Indeed, given Rubio’s enormous backing from the Party establishment and the donor-class, the normal political rules do not seem to apply to Sen. Rubio.

For instance, Sen. Rubio’s signature legislative accomplishment in the Senate was partnering with Barack Obama to develop an immigration agenda opposed by an overwhelming majority of the Republican electorate. Rubio continues to hold a view on immigration that is opposed by at least 92% of the GOP electorate.

Under normal political rules, it may perhaps be hard to envision such a candidate being considered for the position of the Party’s nominee. For instance, it is hard to imagine the Democratic Party selecting as its nominee a candidate who campaigns on wanting to repeal Obamacare or aggressively opposes some other core tenet of the Party’s progressive base.

The establishment’s effort to buoy Rubio’s candidacy perhaps demonstrates the extent to which the Republican Party’s leadership is donor-driven rather than voter-driven. While Democrat donors represent the interests of their base, Republican donors seem to actively undermine the interests of their base.

For instance, while the media has highlighted the similarities between Rubio and Obama, there is a key difference between the two which often goes undiscussed. Namely, while Obama represented the core views of his base, Rubio represents the interests of his Party’s donor base, not its voter base.

The Republican Party’s allegiance to championing its donors’ interests–which, in many instances, seem to directly contradict the interests of its voters–may perhaps explain the results of last night’s exit polls. Specifically, the exit polling data showed that while only about one in seven Democrats feel “betrayed” by their party, half of Republican voters feel “betrayed” by theirs.

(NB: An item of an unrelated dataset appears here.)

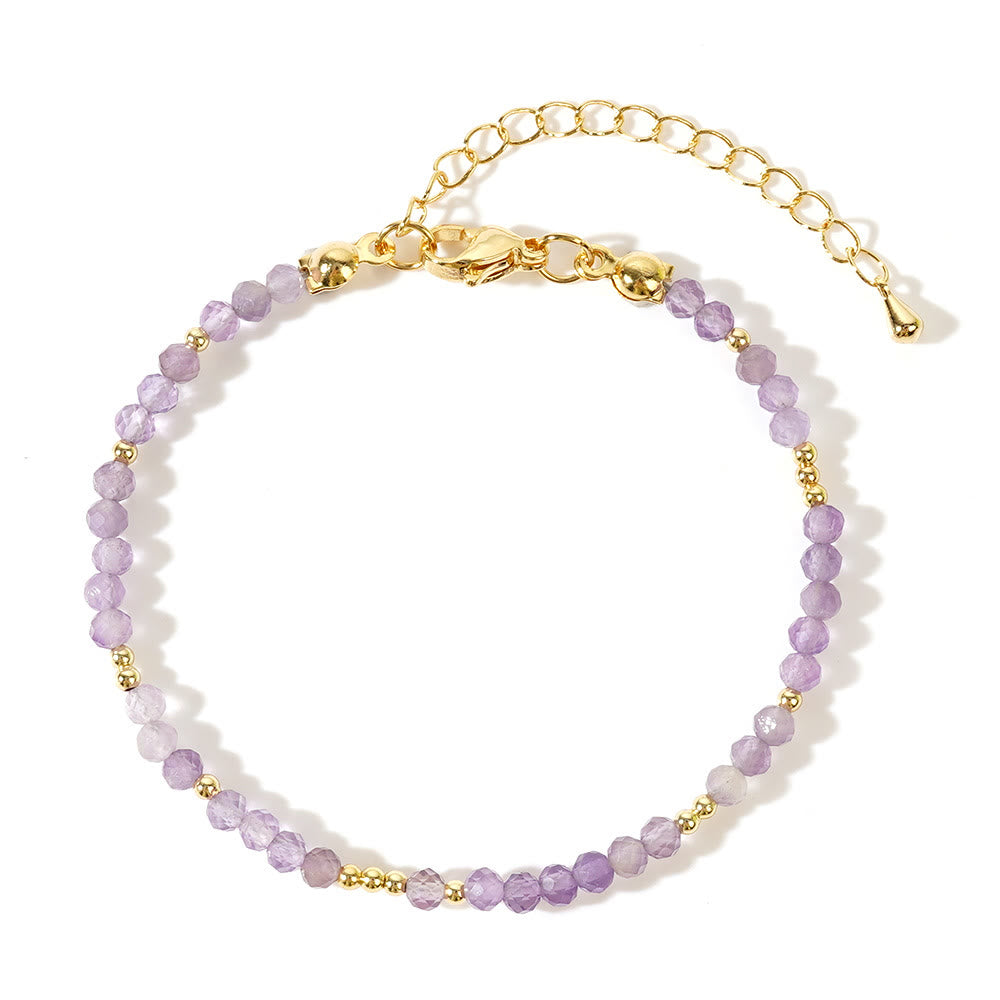Bracciale regolabile Olivenorma con mini perle sfaccettate e pietre preziose naturali - image 4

It remains to be seen whether the Party’s elites and establishment media will be able to resurrect Sen. Rubio’s candidacy. However, as Nate Silver has previously observed, the Party establishment’s candidate may be the beneficiary of “a lot of second and third chances” because the Party holds the “power to set the rules of engagement and strategically encourage winnowing of the field.”